Azure Arc, have you tried it out already?
The advertisement of Azure Arc is great:
Azure Arc enables you to extend Azure management capabilities to hybrid environments, including on-premises datacenters and third-party cloud providers. You can use Azure Arc to manage and configure your Windows and Linux server machines and Kubernetes clusters that are hosted outside of Azure. You can also use Azure Arc to introduce Azure data services to hybrid environments.
So, we can manage server machines, Kubernetes, and data services, all over the world as if these live in Azure:
Remote server management, this is a very interesting feature from an IoT point of view because an IoT Developer wants to have control over all edge devices without having to manage them only by visiting them.
Zero-touch maintenance, could that be done using Azure Arc?
Today, we will look at a small but very important part of Azure Arc, Azure Arc-enabled servers, so we can answer that question.
Let’s see how easy it is.
Azure Arc-enabled services are something that could go very well with Azure IoT Edge:
Azure Arc-enabled servers lets you manage Windows and Linux physical servers and virtual machines hosted outside of Azure, on your corporate network, or other cloud provider.

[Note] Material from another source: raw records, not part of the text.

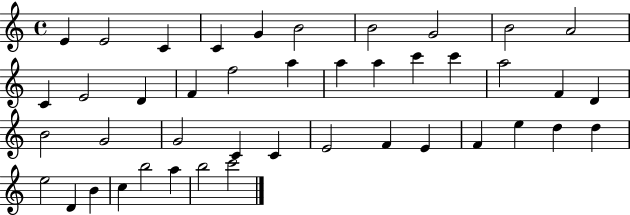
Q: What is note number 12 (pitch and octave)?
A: E4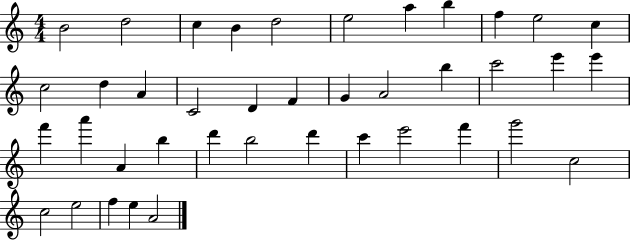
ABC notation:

X:1
T:Untitled
M:4/4
L:1/4
K:C
B2 d2 c B d2 e2 a b f e2 c c2 d A C2 D F G A2 b c'2 e' e' f' a' A b d' b2 d' c' e'2 f' g'2 c2 c2 e2 f e A2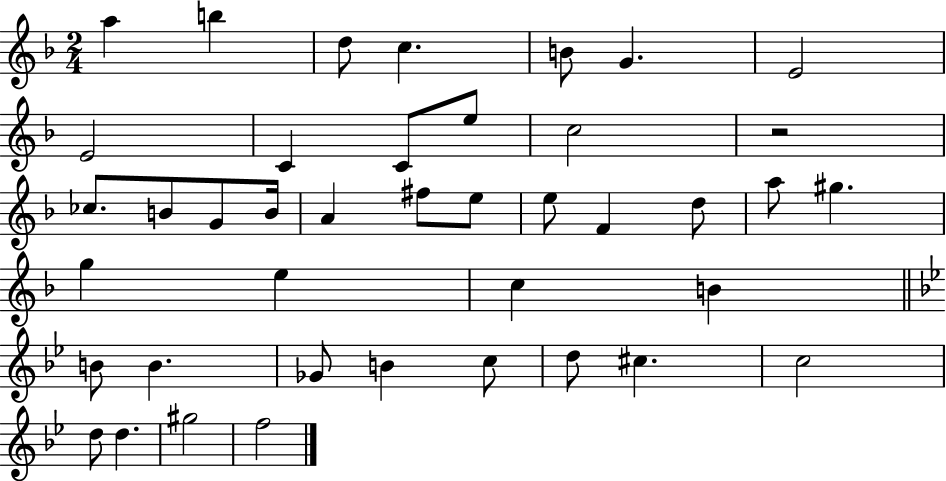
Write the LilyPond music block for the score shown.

{
  \clef treble
  \numericTimeSignature
  \time 2/4
  \key f \major
  a''4 b''4 | d''8 c''4. | b'8 g'4. | e'2 | \break e'2 | c'4 c'8 e''8 | c''2 | r2 | \break ces''8. b'8 g'8 b'16 | a'4 fis''8 e''8 | e''8 f'4 d''8 | a''8 gis''4. | \break g''4 e''4 | c''4 b'4 | \bar "||" \break \key bes \major b'8 b'4. | ges'8 b'4 c''8 | d''8 cis''4. | c''2 | \break d''8 d''4. | gis''2 | f''2 | \bar "|."
}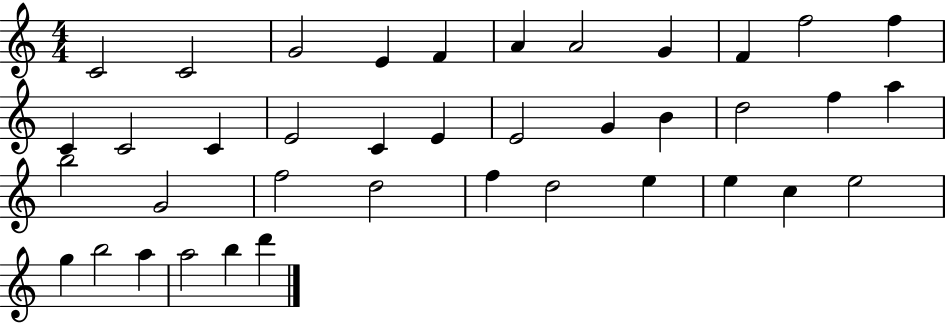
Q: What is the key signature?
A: C major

We run either physical Linux or Windows (EFlow) edge devices but the Azure IoT hub only lets us manage the containers, not the Docker runtime or the operating system.

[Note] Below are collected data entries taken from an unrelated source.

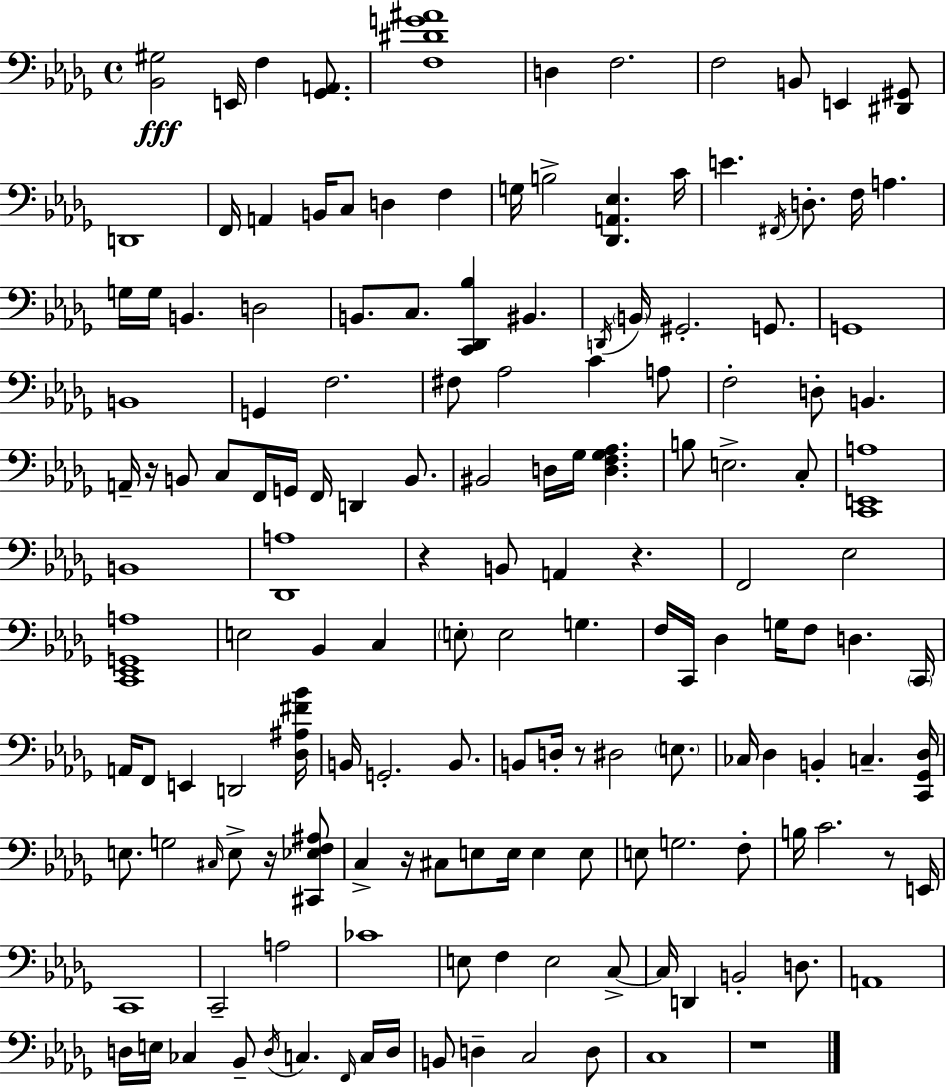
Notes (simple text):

[Bb2,G#3]/h E2/s F3/q [Gb2,A2]/e. [F3,D#4,G4,A#4]/w D3/q F3/h. F3/h B2/e E2/q [D#2,G#2]/e D2/w F2/s A2/q B2/s C3/e D3/q F3/q G3/s B3/h [Db2,A2,Eb3]/q. C4/s E4/q. F#2/s D3/e. F3/s A3/q. G3/s G3/s B2/q. D3/h B2/e. C3/e. [C2,Db2,Bb3]/q BIS2/q. D2/s B2/s G#2/h. G2/e. G2/w B2/w G2/q F3/h. F#3/e Ab3/h C4/q A3/e F3/h D3/e B2/q. A2/s R/s B2/e C3/e F2/s G2/s F2/s D2/q B2/e. BIS2/h D3/s Gb3/s [D3,F3,Gb3,Ab3]/q. B3/e E3/h. C3/e [C2,E2,A3]/w B2/w [Db2,A3]/w R/q B2/e A2/q R/q. F2/h Eb3/h [C2,Eb2,G2,A3]/w E3/h Bb2/q C3/q E3/e E3/h G3/q. F3/s C2/s Db3/q G3/s F3/e D3/q. C2/s A2/s F2/e E2/q D2/h [Db3,A#3,F#4,Bb4]/s B2/s G2/h. B2/e. B2/e D3/s R/e D#3/h E3/e. CES3/s Db3/q B2/q C3/q. [C2,Gb2,Db3]/s E3/e. G3/h C#3/s E3/e R/s [C#2,Eb3,F3,A#3]/e C3/q R/s C#3/e E3/e E3/s E3/q E3/e E3/e G3/h. F3/e B3/s C4/h. R/e E2/s C2/w C2/h A3/h CES4/w E3/e F3/q E3/h C3/e C3/s D2/q B2/h D3/e. A2/w D3/s E3/s CES3/q Bb2/e D3/s C3/q. F2/s C3/s D3/s B2/e D3/q C3/h D3/e C3/w R/w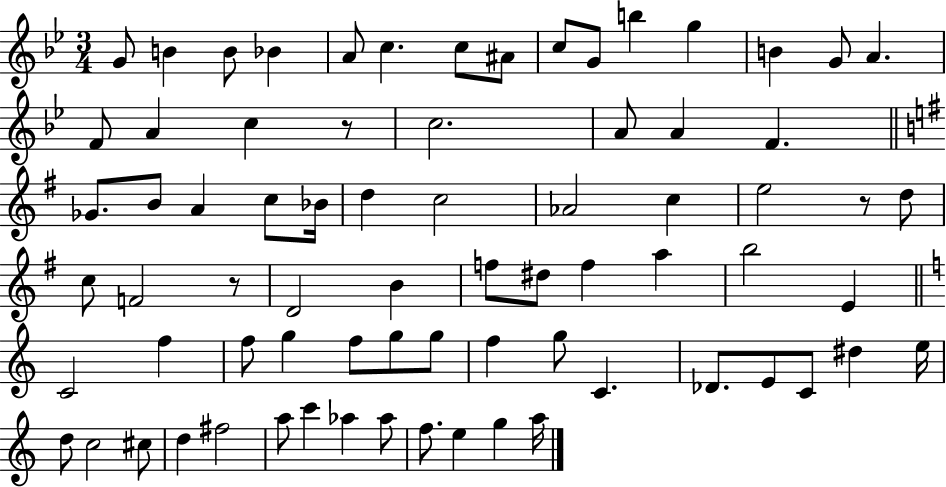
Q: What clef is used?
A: treble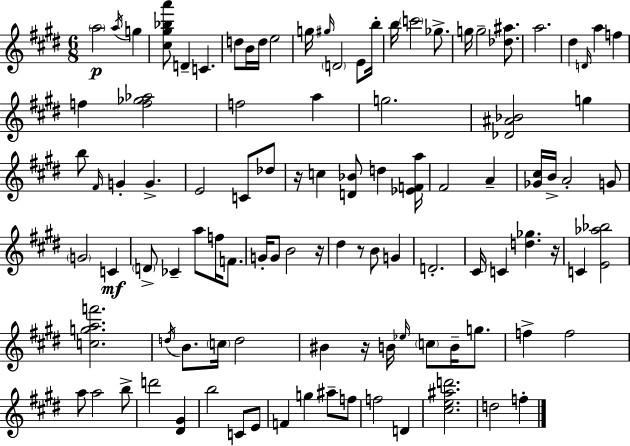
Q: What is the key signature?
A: E major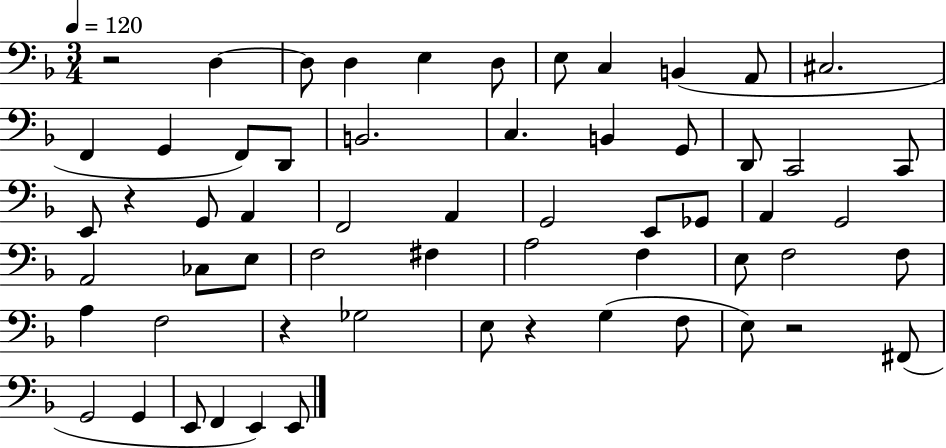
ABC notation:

X:1
T:Untitled
M:3/4
L:1/4
K:F
z2 D, D,/2 D, E, D,/2 E,/2 C, B,, A,,/2 ^C,2 F,, G,, F,,/2 D,,/2 B,,2 C, B,, G,,/2 D,,/2 C,,2 C,,/2 E,,/2 z G,,/2 A,, F,,2 A,, G,,2 E,,/2 _G,,/2 A,, G,,2 A,,2 _C,/2 E,/2 F,2 ^F, A,2 F, E,/2 F,2 F,/2 A, F,2 z _G,2 E,/2 z G, F,/2 E,/2 z2 ^F,,/2 G,,2 G,, E,,/2 F,, E,, E,,/2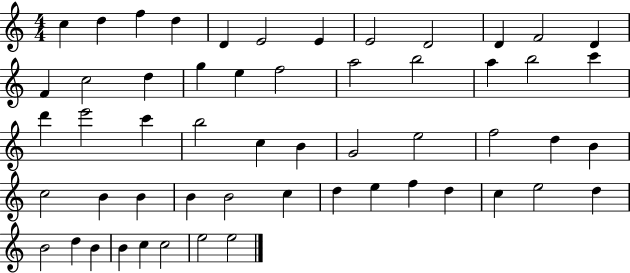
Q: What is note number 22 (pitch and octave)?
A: B5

The OSConfig tool is also nice but does not give us a separate maintenance channel for the device, in case Azure IoT Edge fails.
Looking at the pricing, the basic features are not that expensive too:
Free inventory and management? Does it actually support SSH?
And it even comes with update management?
This is too good to be true!
Let’s check out if it works as well as advertised.
Prerequisites
For this demonstration, I use a moderate IPC from Advantech, the UNO 1273GJ, running on a Celeron processor with 4GB of memory:
I used a wired connection and installed Ubuntu 22.04.4 LTS, the server version on it.
This is a nice device for regular Azure IoT Edge purposes, simple but not too light and still has a snappy performance.
Note: I also tried an UNO 2271G having a very old Atom processor and only 4GB of RAM. Azure Arc works as a charm there too.
Notice I did not install an SSH server on it during the default installation.
You can play along with a similar device if you want.
Adding a machine registration
We want to arc-enable an IPC using Azure Arc so within the portal, check out Azure Arc.
In the Machines section, you can add a machine:
When you follow that option, you are asked to generate a script so an agent can be installed on our device (a single server):
Note: this script will ask for your Azure login during the installation process. Check the other options for other ways to authenticate (like a service principle).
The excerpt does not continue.